Pathology-related cases in the Norwegian System of Patient Injury Compensation in the period 2010–2015

Original article



    The Norwegian System of Patient Injury Compensation (NPE) processes compensation claims from patients who complain about malpractice in the health services. A wrong diagnosis in pathology may cause serious injury to the patient, but the incidence of compensation claims is unknown, because pathology is not specified as a separate category in NPE’s statistics. Knowledge about errors is required to assess quality-enhancing measures. We have therefore searched through the NPE records to identify cases whose background stems from errors committed in pathology departments and laboratories.



    We have searched through the NPE records for cases related to pathology for the years 2010 – 2015.



    During this period the NPE processed a total of 26 600 cases, of which 93 were related to pathology. The compensation claim was upheld in 66 cases, resulting in total compensation payments amounting to NOK 63 million. False-negative results in the form of undetected diagnoses were the most frequent grounds for compensation claims (63 cases), with an undetected malignant melanoma (n = 23) or atypia in cell samples from the cervix uteri (n = 16) as the major groups. Sixteen cases involved non-diagnostic issues such as mix-up of samples (n = 8), contamination of samples (n = 4) or delayed responses (n = 4).



    The number of compensation claims caused by errors in pathology diagnostics is low in relative terms. The errors may, however, be of a serious nature, especially if malignant conditions are overlooked or samples mixed up.


    The Norwegian System of Patient Injury Compensation (NPE) is a government agency subordinate to the Ministry of Health and Care Services.
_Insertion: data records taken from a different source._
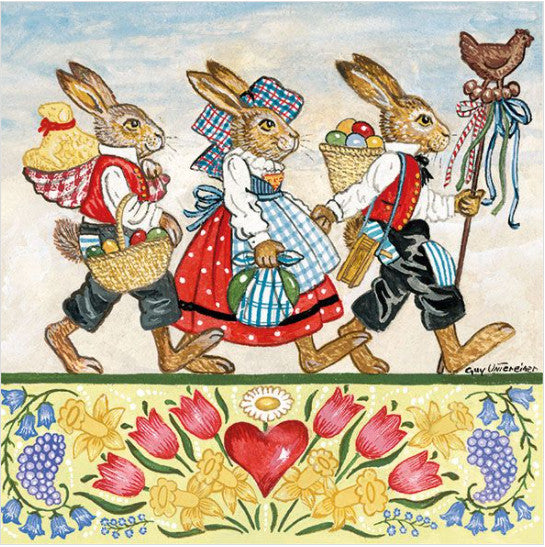 These Easter Three Rabgits Decoupage Paper Napkins are exceptional quality. Imported from Europe. 3-ply. Ideal for Decoupage Crafting, DIY craft projects, Scrapbooking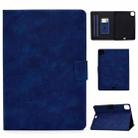 For iPad Pro 11 2024 Cowhide Texture Leather Smart Tablet Case(Blue) - 1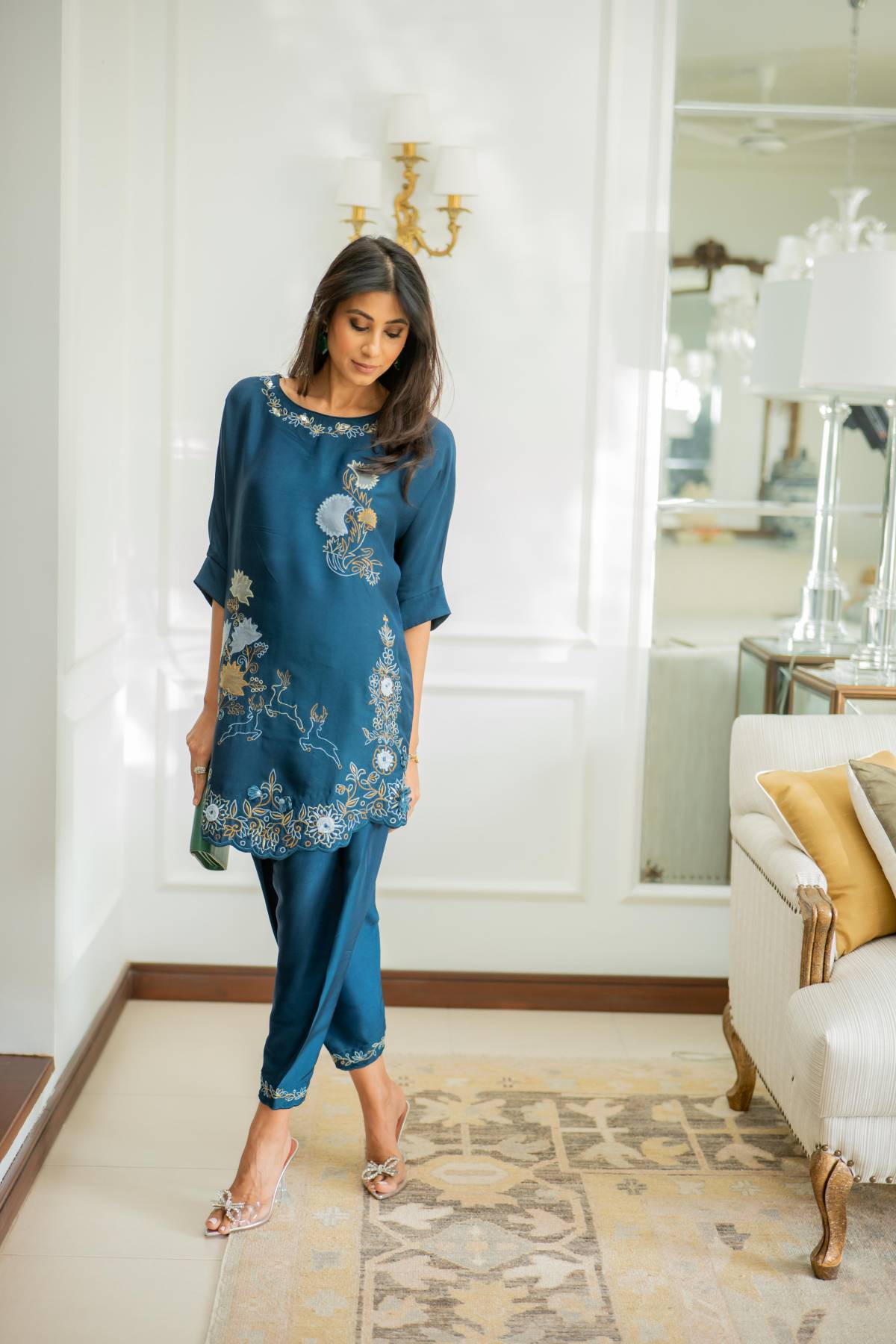 Khushboo &amp; Pankaj Women Teal Blue Embroidered Co-ord Set with Tulip Pants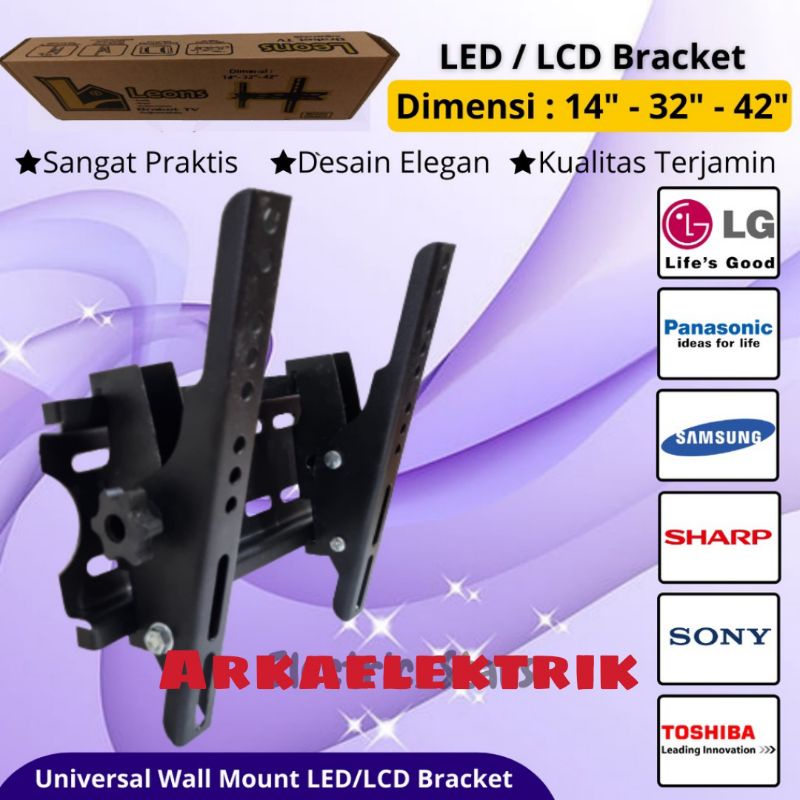 Bracket TV Led / Bracket Tv Lcd 14-60inch ( Flexible/Adjustable )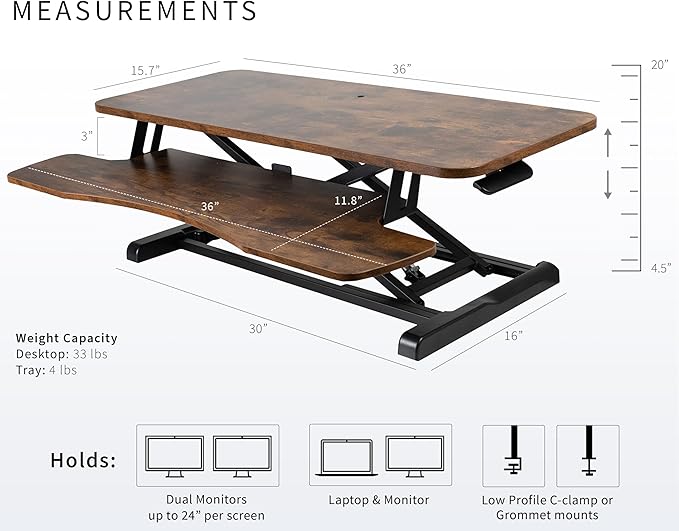 VIVO 36 inch Desk Converter, K Series, Height Adjustable Sit to Stand Riser, Dual Monitor and Laptop Workstation with Wide Keyboard Tray, Rustic Vintage Brown Top, Black Frame, DESK-V036KN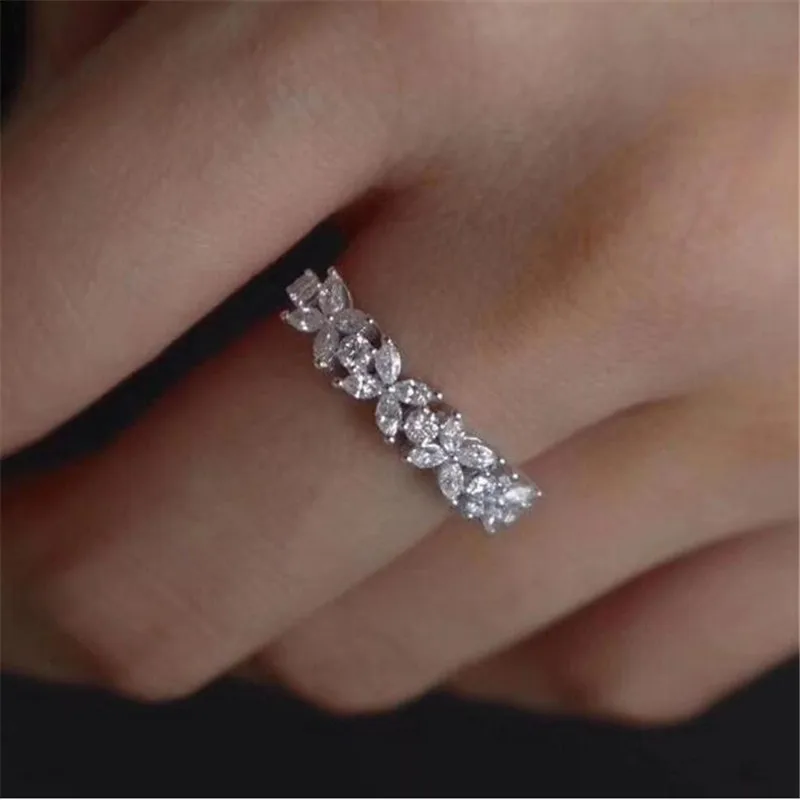 Rulalei Fashion jewelry 925 Sterling Silver Marquise Cut White Clear AAAAA Cubic Zircon Promise Women Wedding Bridal Ring Gift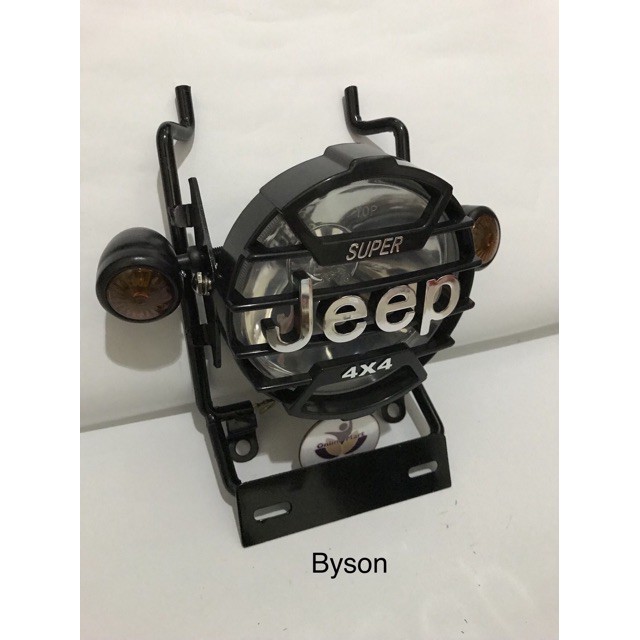 LAMPU JEEP LAMP VARIASI BYSON PRO PLUS BREKET HITAM PLUS LAMPU SEN - PERLENGKAPAN MOTOR -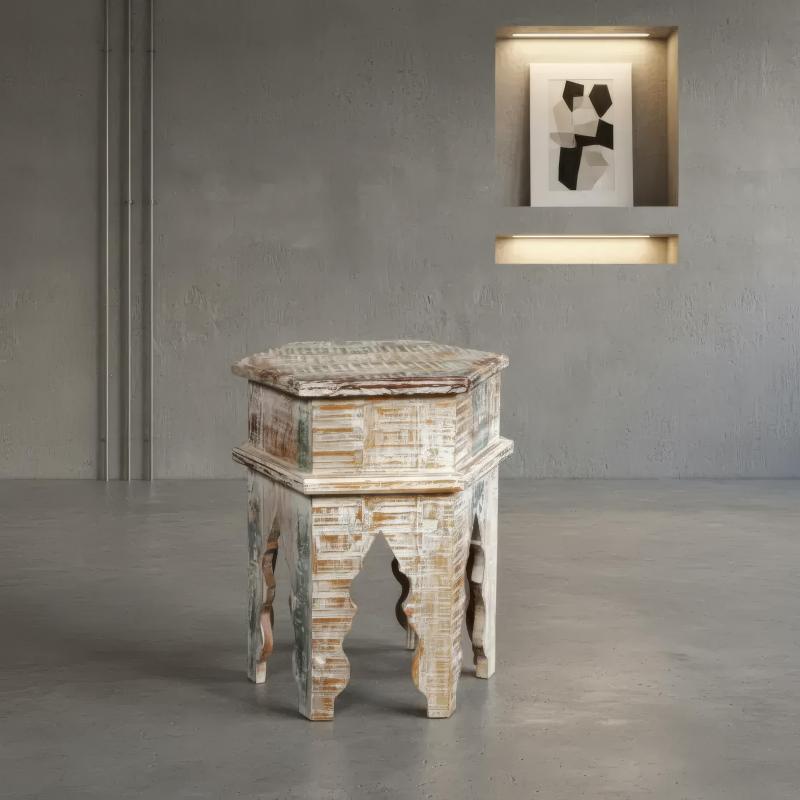 SOLID RECLAIMED TEAK WOOD END TABLE / NIGHTSTAND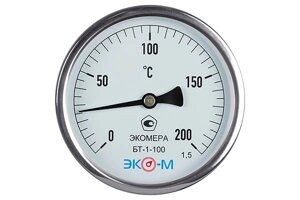 Термометр биметаллический ЭКОМЕРА БТ-1-100, 0-200С, L=40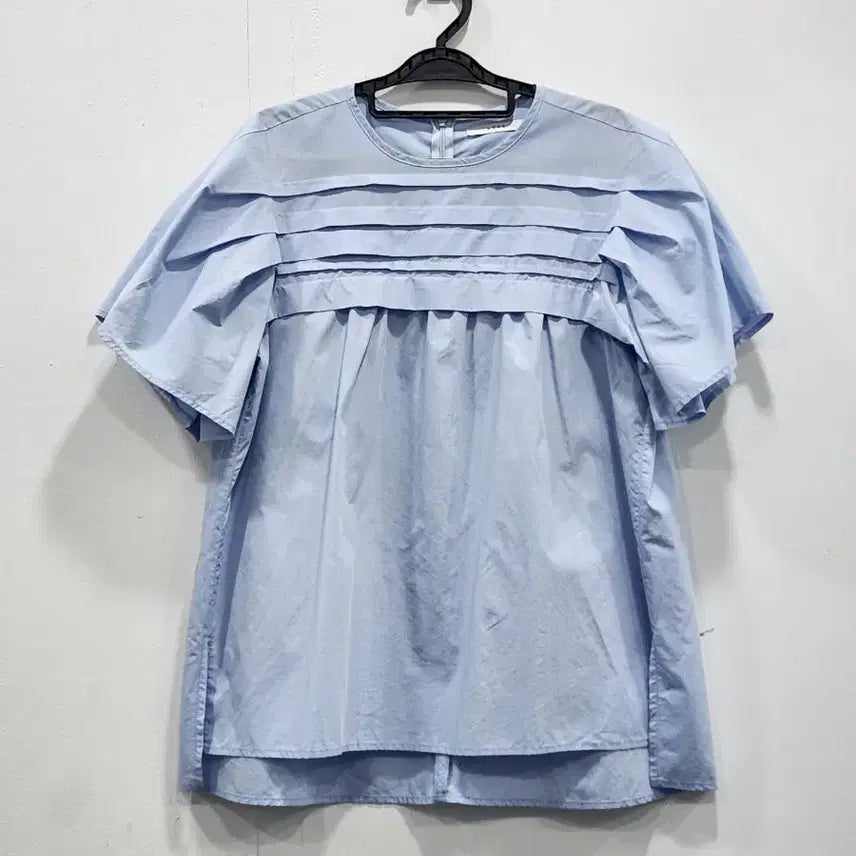 [BUNJANG] LVPS Sky Blue Pleated Short Sleeve Blouse / [F] LVPS 하늘색 플리츠 반팔 블라우스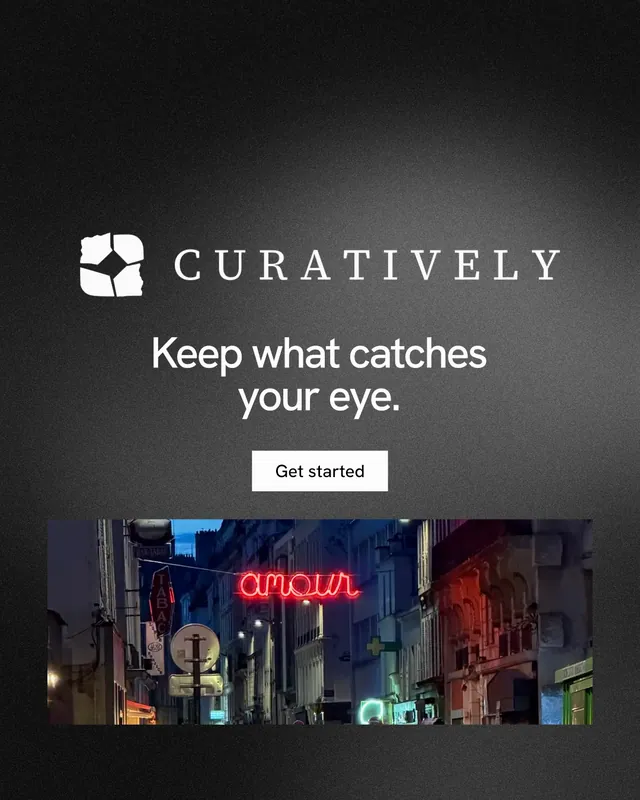 Instagram portrait post for Curatively: "Keep what catches your eye." Swiss style, logo hero layout, dark palette in black, grey.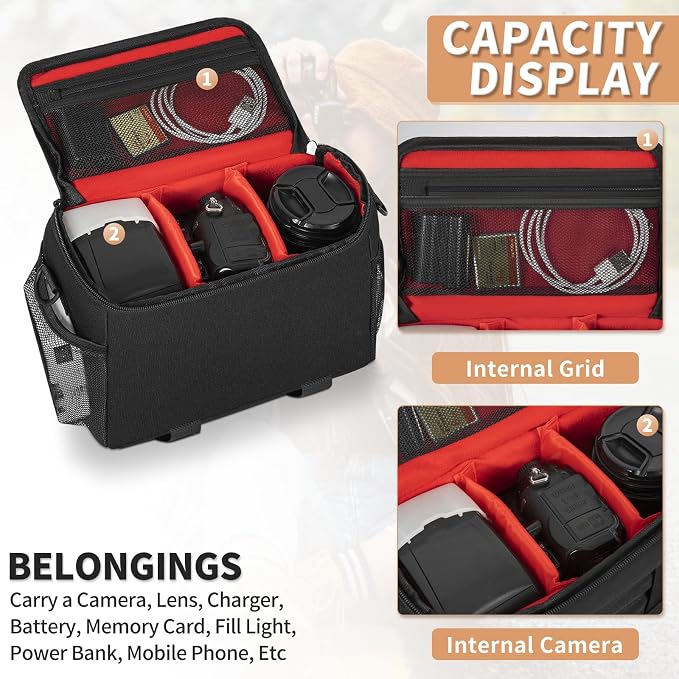 GMAK Waterproof Camera Bag for Photographers, Anti-shock Camera Shoulder Bags - Image 3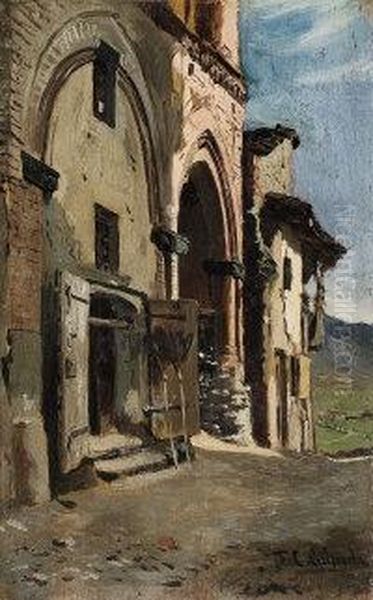 Scorcio Di Paese Con Paesaggio Oil Painting by Pier Celestino Gilardi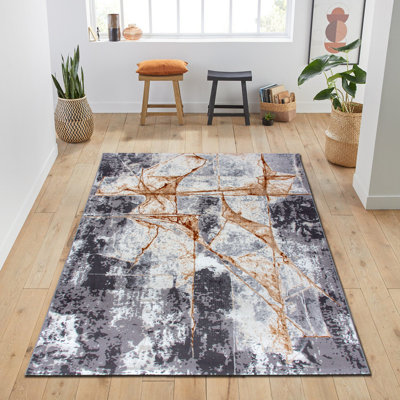 Tapis luxueux, gris et or, 6,6 x 9,5 pieds | 100% polyester, 2200 grammes par mètre carré | Hauteur des poils: 0,4 pouce | Facile à nettoyer, facile à nettoyer | Parfait pour le salon, la chambre à coucher et un décor élégant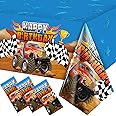 Monster Truck Tablecloth Happy Birthday Monster Truck Party Table Cover Monster Machine Table Cover Grave Digger Theme Checkered Flag Tablecloth for Birthday Party Decorations Supplies(3 Pieces)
The agency processes claims for compensation submitted by patients who believe that they have sustained an injury as a result of an error in diagnosis or treatment in the health services. Initially the possibility for compensation applied only to the public health services, but has also been extended to private health services since 2009.

    The NPE receives an increasing number of inquiries. From 2010 to 2015, the number of submitted cases increased by 30 per cent. Pathology is not specified in NPE’s statistics, and the number of cases related to this specialty is therefore unknown.

    Because pathology is largely based on individual recognition of patterns, it is also especially prone to erroneous diagnoses. Pathology departments and laboratories are also particular in the sense that manual routines remain widely used, not least in registration of patient data, labelling of samples and handling of the material through a number of different procedures. There is thus reason to expect compensation claims related to erroneous diagnoses and errors at the pre- and post-diagnostic level. Knowledge about such errors is valuable for efforts to enhance quality.

    Reporting of adverse events in the specialist health services should be undertaken in accordance with routines defined by legislation and regulations (1). We may assume, however, that reporting practices vary (2). In case of serious adverse events, the patient must be informed about the opportunity to seek compensation (3). Complaints may therefore provide an indication of the type of error that has given rise to serious consequences. We have searched through the NPE’s records to identify the types of cases that have their origin in errors committed in pathology diagnostics.

    Material and method

    Material and method

    The study is based on a search through claims for compensation in the NPE’s records for the period 1 January 2010 – 5 October 2015. The review included cases that had been decided in favour of the claimant as well as against. The NPE does not register cases related to pathology in a separate category. A hospital or medical centre is normally registered as tortfeasor, not the lower levels such as a department or laboratory. A search was therefore made using the NPE’s internal codes for diagnostic procedures/examinations and subsequently through a review of brief summaries describing the injury that had occurred in each case. The searches were undertaken by NPE staff members and the summaries were reviewed by a pathologist.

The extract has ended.